Before you do this, you must place the can on a solid surface such as a table or flat, stable rock. Never put the can on your lap, you’re very likely to get injured.
Position the knife perpendicularly on the edge of the lid, holding it firmly with one hand. Tap the pommel with the other hand until the tip has pierced through the metal can.
Once you made a hole about half an inch wide, you’ve got two choices: you can either continue to pierce holes one next to the other in the same manner or you can hold the can firmly with one hand and begin to enlarge the existing hole by cutting it like you would cut bread.
Simply hold the can at an angle towards you with the left hand and use your right to cut the lid down. Rotate the can inch by inch for almost 180 degrees and keep cutting.
Warning! Do not rotate and cut at the same time! You rotate a little bit, enlarge the hole, then rotate again before continuing the cut.
To Start a Fire
Any quality steel knife that has a substantial spine can be used in conjunction with a ferro rod to help you create a blazing fire in no time.
My scraping or dragging one against the other, you can produce a blazing hot shower of particles from the ferro rod to easily ignite your tinder.
The exact technique will vary slightly depending upon your knife and your ferro rod, as well as user preference, but the following variation seems to work well with an assortment of tools.
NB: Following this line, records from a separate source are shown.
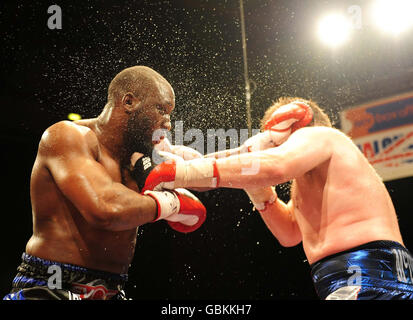 Boxen - europäischen Heavyweight Title Fight - Danny Williams V John McDermott - Crowtree Leisure Centre Stockfoto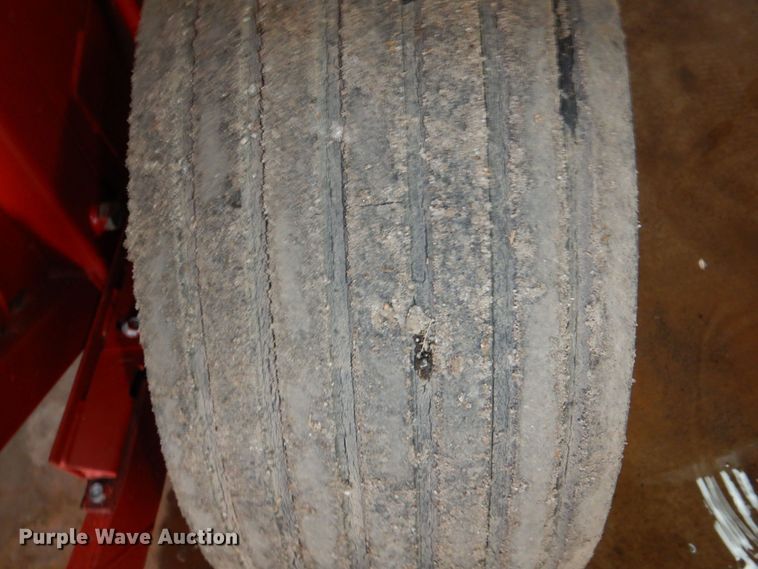 image for item DK0489 New Holland 855  round baler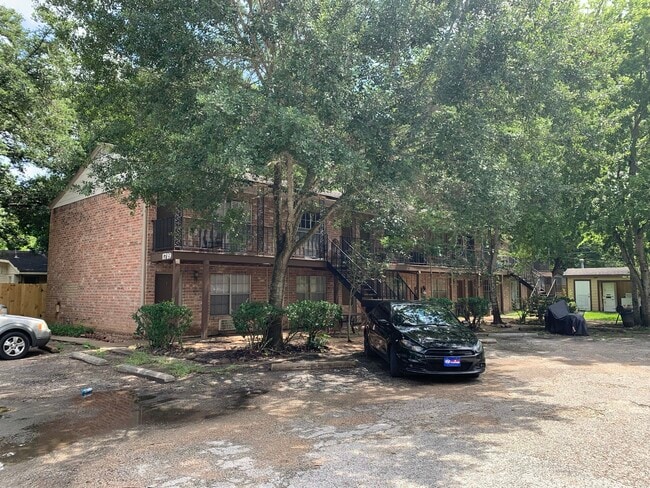 Building Photo - 1719 6th Street Apartments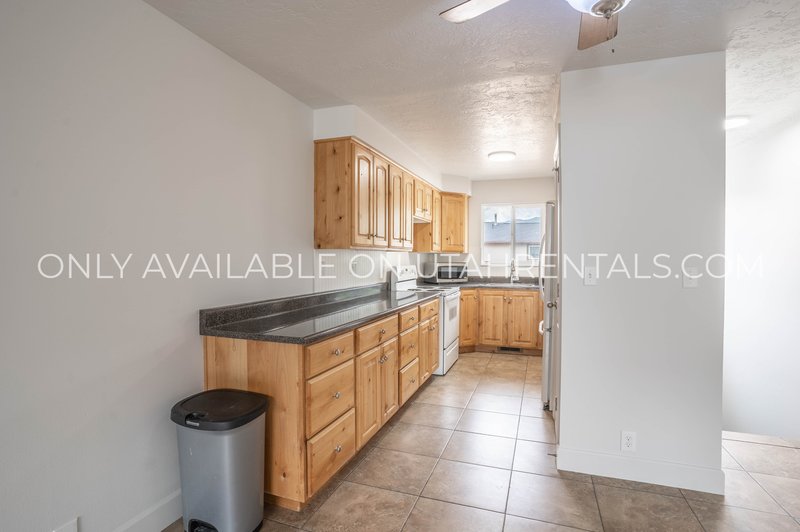 Beautiful & Spacious Orem Townhouse property image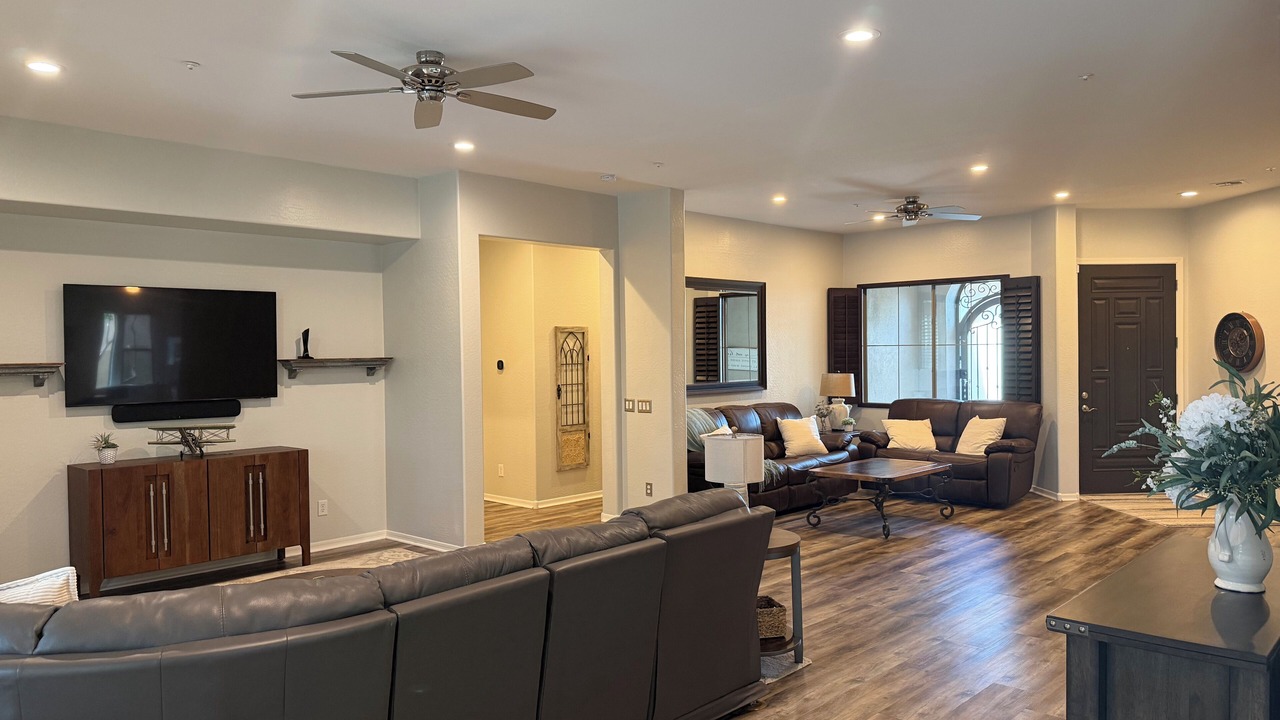 Photo of Livingroom in Vistancia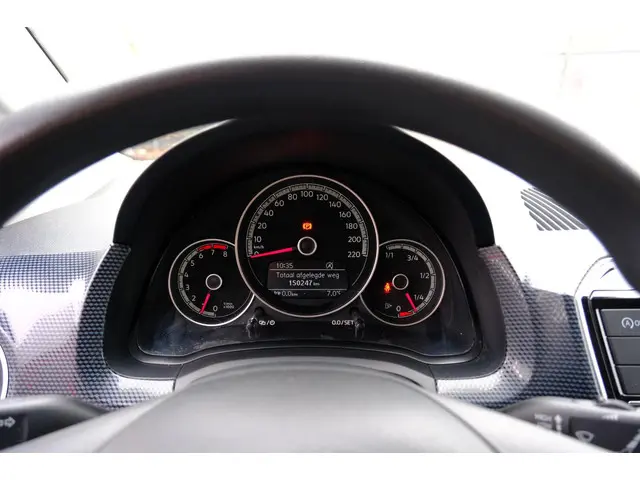 Volkswagen up! 1.0 BMT move up! Airco|LMV 2019 Benzine 12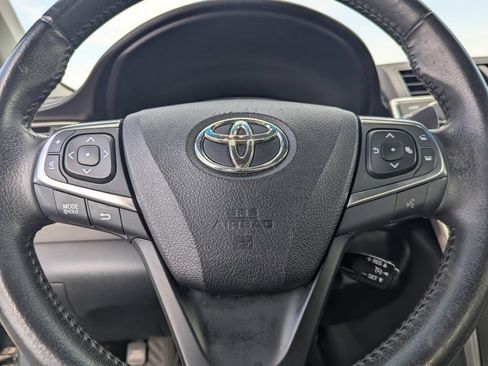 Used 2017 Toyota Camry SE w/ Moonroof Package FWD image 19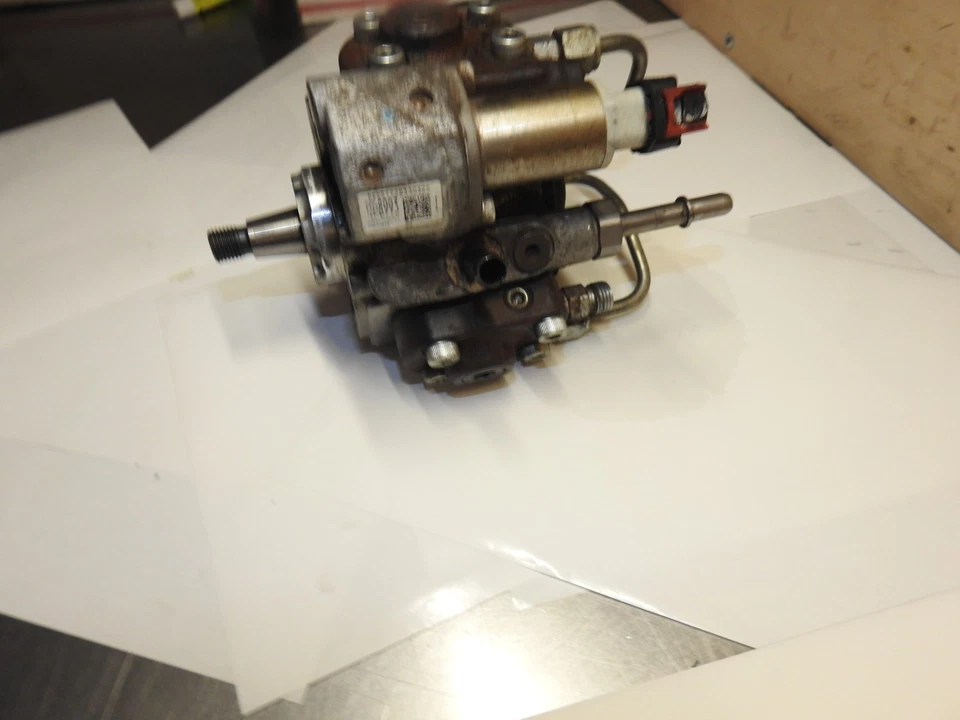 Bomba de inyección Denso HP4 se adapta al motor GM Duramax L5P 6,6 L (12678993) OEM Foto 3 de 4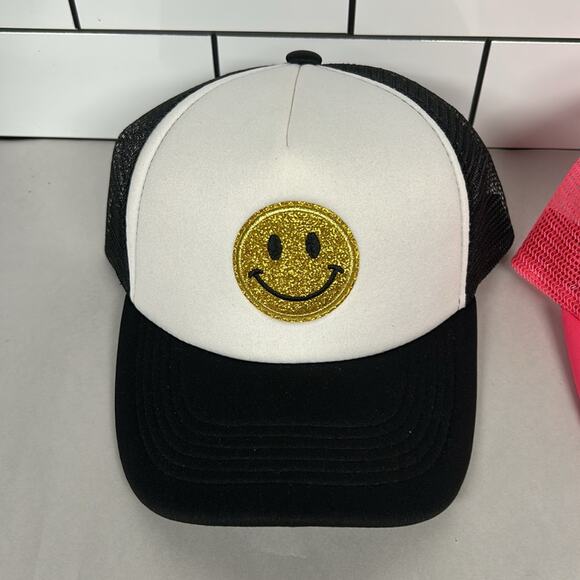 NWT Lot Of 2 Boutique Brand Smiley Face Adjustable Snap Back Baseball Caps OS - Picture 3 of 6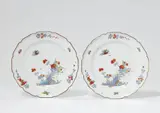 A pair of Meissen porcelain plates with Kakiemon decor by Meissen Royal Porcelain Manufactory, sold May 2022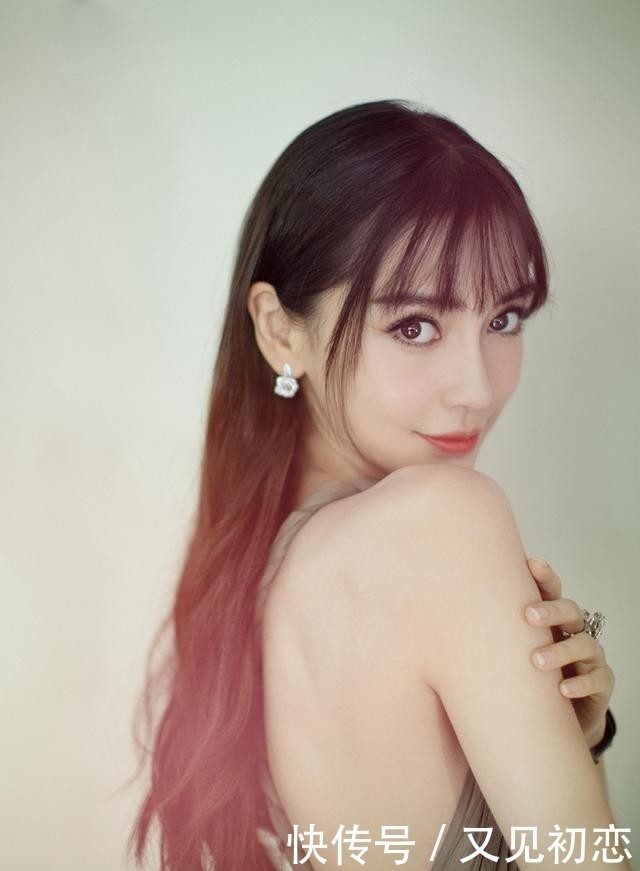 黄晓明|黄晓明怎么想?18岁Baby日本旧照曝光,在大街上豪放吃雪糕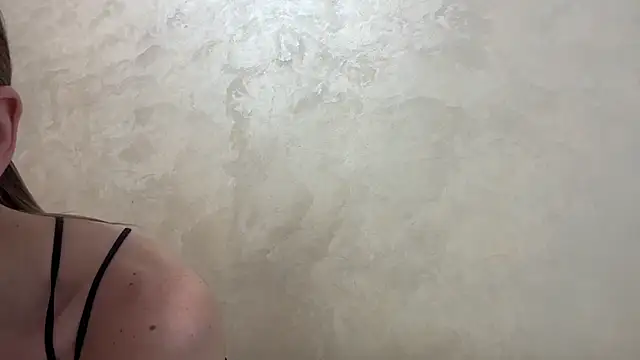 CaitlinaJayne23 online show from April 2026 03:58:01 AM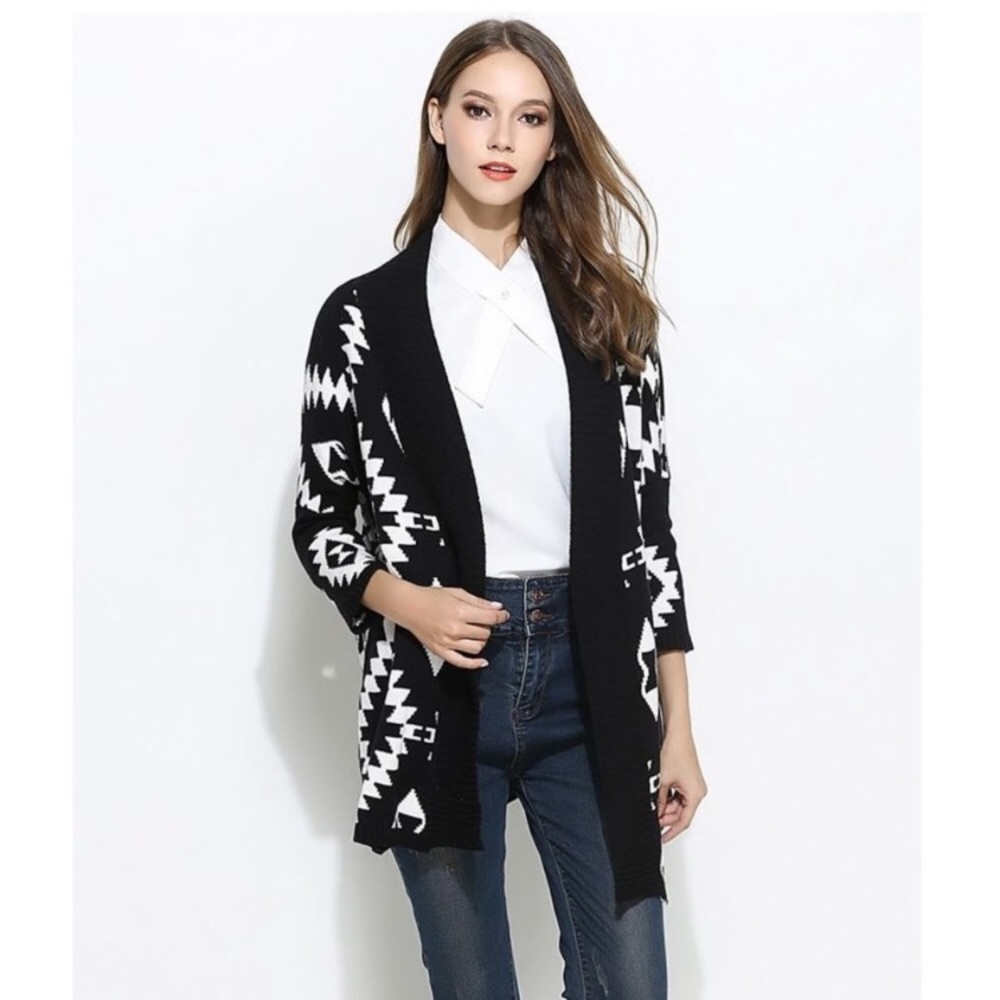 Knitted Geometric Print Cardigan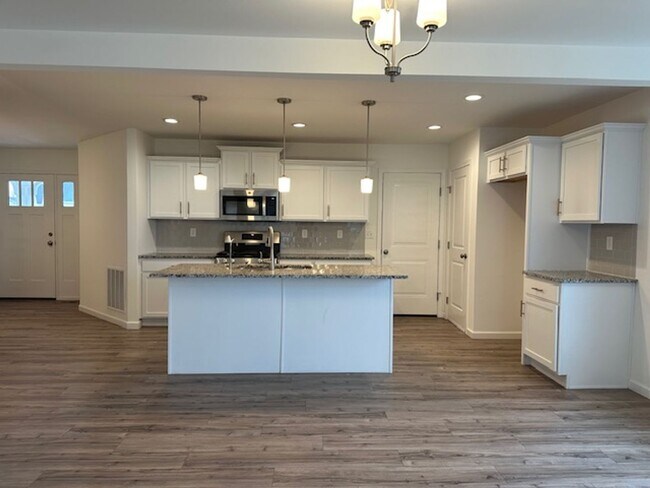 Building Photo - 67 Long Bnd Dr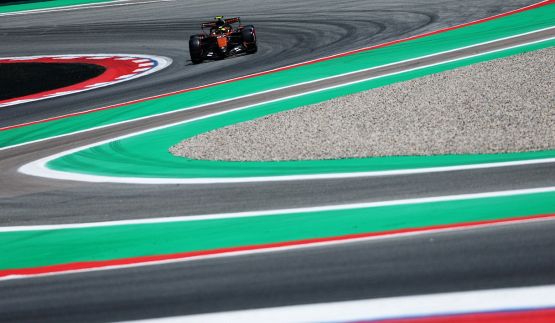 F1 GP Barcellona Prove Libere 1: Russell in vetta senza Antonelli, exploit di Fornaroli, miglior rookie. Leclerc sul podio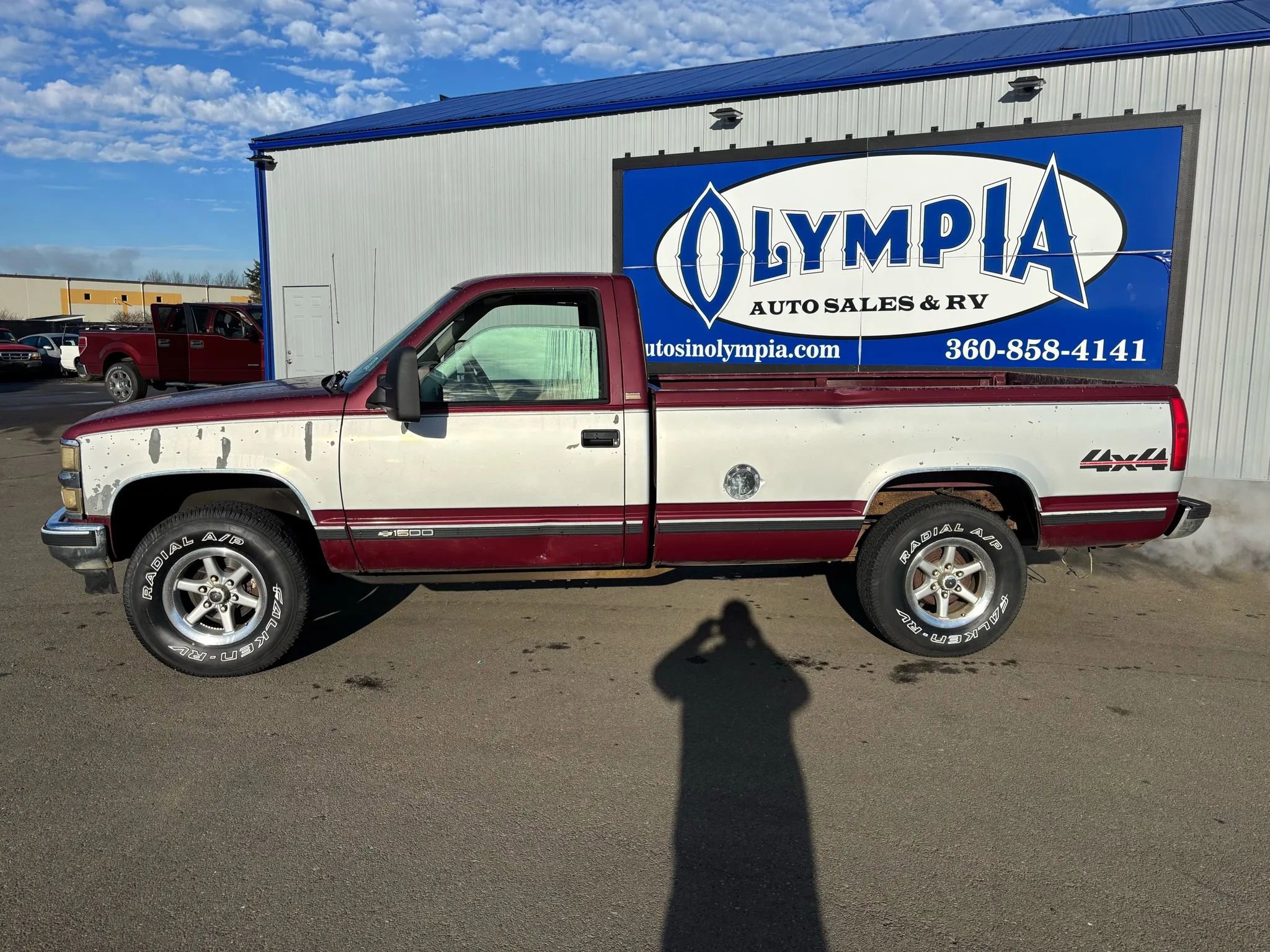 Used 1994 Chevrolet Silverado 1500 4x4 Regular Cab image 2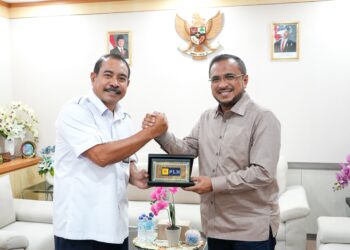 Terangi Harapan: PLN dan Pemkab Seram Bagian Timur Perkuat Komitmen Listriki Negeri Ita Wotu Nusa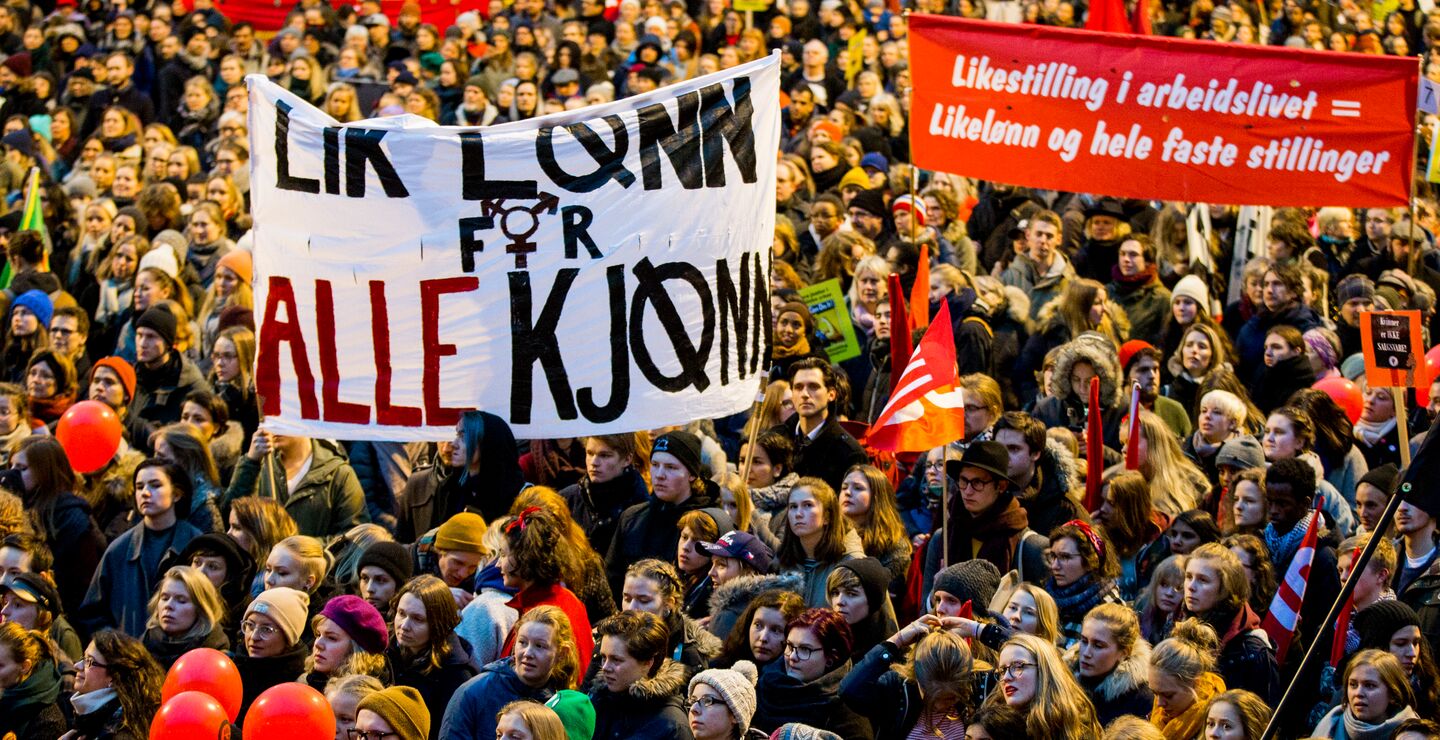 Sannsynligheten for å få en virksomhet med bedre resultatutvikling, en mer velfungerende organisasjon, et bedre og riktigere fokus på virksomhetens fremtid er derfor større med kvinner i styret. (Illustrasjonsbilde fra en 8. mars demonstrasjon. Foto: Vegard Wivestad Grøtt / NTB).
Hold the knife in one hand and the rod in the other. You want to place the corner of the knife’s spine (the part of the blade opposite the edge) against the ferro rod.
Begin to pull the rod backwards briskly until you see sparks emitted. If sparks don’t come out the first time, slightly alter the technique until you nail the sweet spot; try changing a single variable at a time until you get it, among them angle of contact, pressure and speed at which you pull the rod.
Some preppers get best results with a quick, light flicking motion. Others use a more forceful but slower scrape.
Don’t despair if it does not work the first few times; once you get it, you’ll have it, just like riding a bike!
Also, keep in mind that the hardness or softness of the ferro rod will affect the technique, so you might have to change it up if you switch brands of rod!
To Poke and Probe Things
You can make a great case for not touching all kinds of questionable surfaces and things in the wild with your bare hands.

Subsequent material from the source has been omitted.